Exercise: Using only the entries below, copy exactly the lines that begin at the one with "Oofos Ooriginal Womens SZ" and end at the one with "J. FIGUE (M6)", both included. Drop the pictures.

Provided information:

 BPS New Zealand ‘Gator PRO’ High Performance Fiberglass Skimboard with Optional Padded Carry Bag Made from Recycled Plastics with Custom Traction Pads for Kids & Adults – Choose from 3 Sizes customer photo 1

* * *

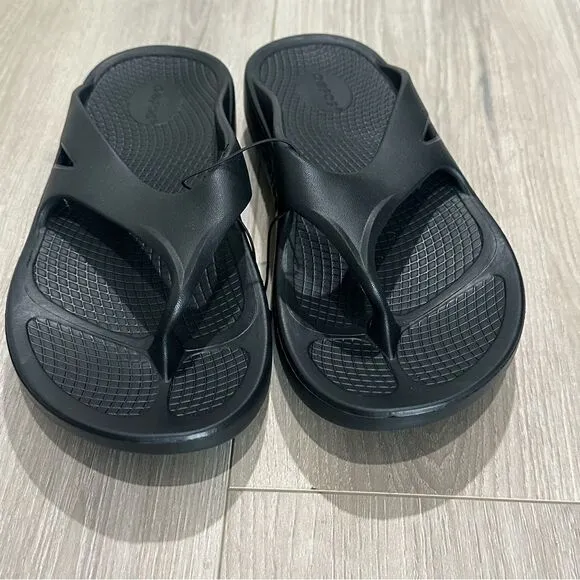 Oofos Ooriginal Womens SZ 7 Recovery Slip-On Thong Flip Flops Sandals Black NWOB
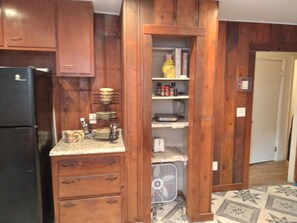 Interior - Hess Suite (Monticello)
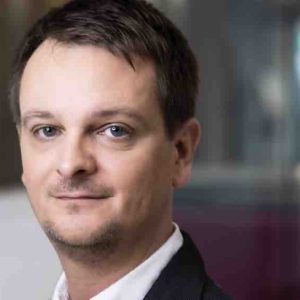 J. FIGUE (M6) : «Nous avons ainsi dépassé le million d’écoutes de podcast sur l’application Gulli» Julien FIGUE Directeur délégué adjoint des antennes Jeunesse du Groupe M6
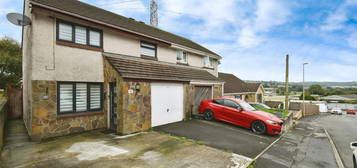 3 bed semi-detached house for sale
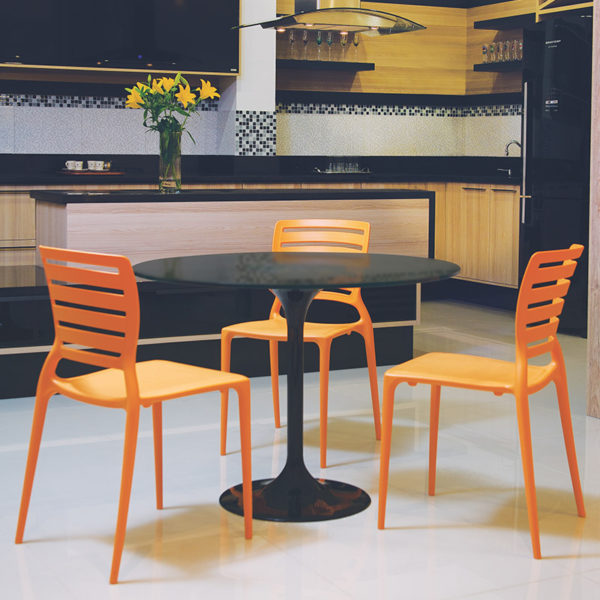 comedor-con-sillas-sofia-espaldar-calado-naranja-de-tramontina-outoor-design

Solution to this task:
 Oofos Ooriginal Womens SZ 7 Recovery Slip-On Thong Flip Flops Sandals Black NWOB
 Interior - Hess Suite (Monticello)
 J. FIGUE (M6) : «Nous avons ainsi dépassé le million d’écoutes de podcast sur l’application Gulli» Julien FIGUE Directeur délégué adjoint des antennes Jeunesse du Groupe M6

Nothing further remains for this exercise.